建設業は「きつい」「汚い」「危険」の3K職場というイメージが付きまとうため若者に敬遠され、他の産業と比較して若年層の割合は減る一方で高年齢層の割合が増え続けている。330万人いる職人は、今後10年で3分の1が引退すると見込まれる。このままでは人手不足によって産業が崩壊しかねない。テクノロジーは救世主となるのか。建設テックへの投資を強化するゼネコン大手5社のトップに聞いた。(聞き手/ダイヤモンド編集部 松野友美)
――昨年末に大阪でロボットが働く清水建設のホテル建設現場をこの目で見る機会がありました。資材を運ぶロボットシステムや、鉄柱を溶接するロボットなどが導入され、省人化の目標は約70%と聞いています。

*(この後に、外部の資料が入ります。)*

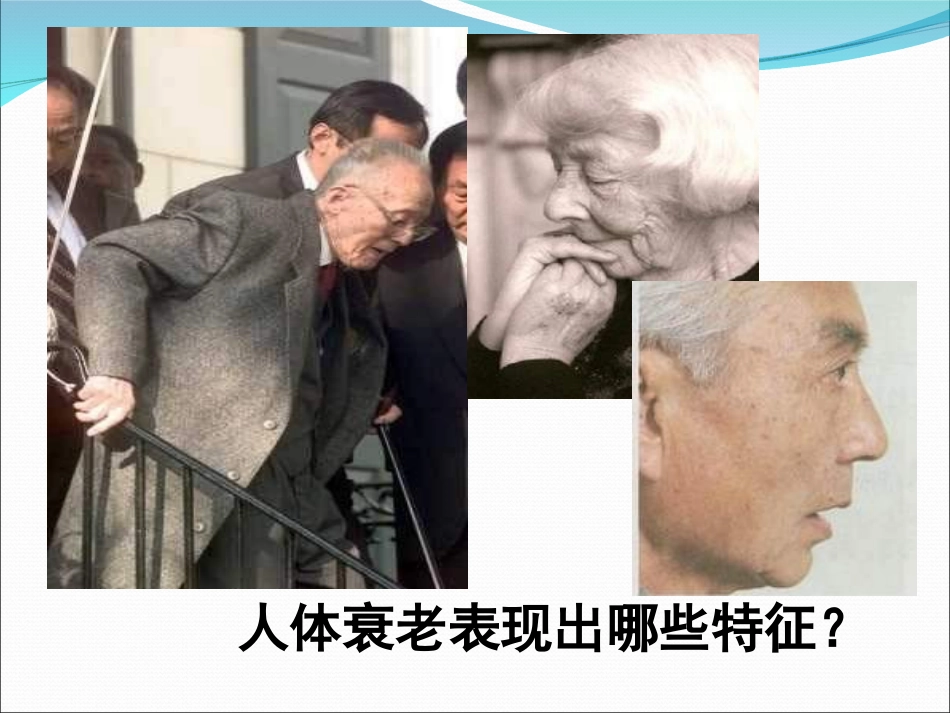 人体衰老表现出哪些特征_第2页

井上和幸(清水建設社長) その数字は、例えば現場の柱を溶接する人がね、6~7割は減るという意味です。天井のボードを張るような仕事も6~7割は減る。個々の作業での人数の削減率です。ただ、その大阪のホテル建設現場の規模で働く人が全体でどのくらい減るのかといえば、1%ぐらいなんですよ。
全体という意味での省人化となると、パーセンテージは少ない。でもこの1%、とても大きな数字だと、私は思っています。これから新しいハイブリッドなロボットを造っていくことによって、1%が5%になり、あるいは10%になれば、相当な省人化になる。
現在の3分の1に当たる128万人の職人さんが将来いなくなってしまうとして、そのうちの90万人ぐらいは新規に入ってもらいたい。仮にそれだけ入ったとしても、残りの38万人、まあ35万人がいない。足りないんです。
省人化に努め、生産性を上げることで職人さんの不足を補おうという作戦なんですよ。35万人ですから、現在の(職人の)約10%。現場作業の10%ぐらいをロボットなり、ICT(情報通信技術)とか他の要素も含めて削減することを目指していきたい。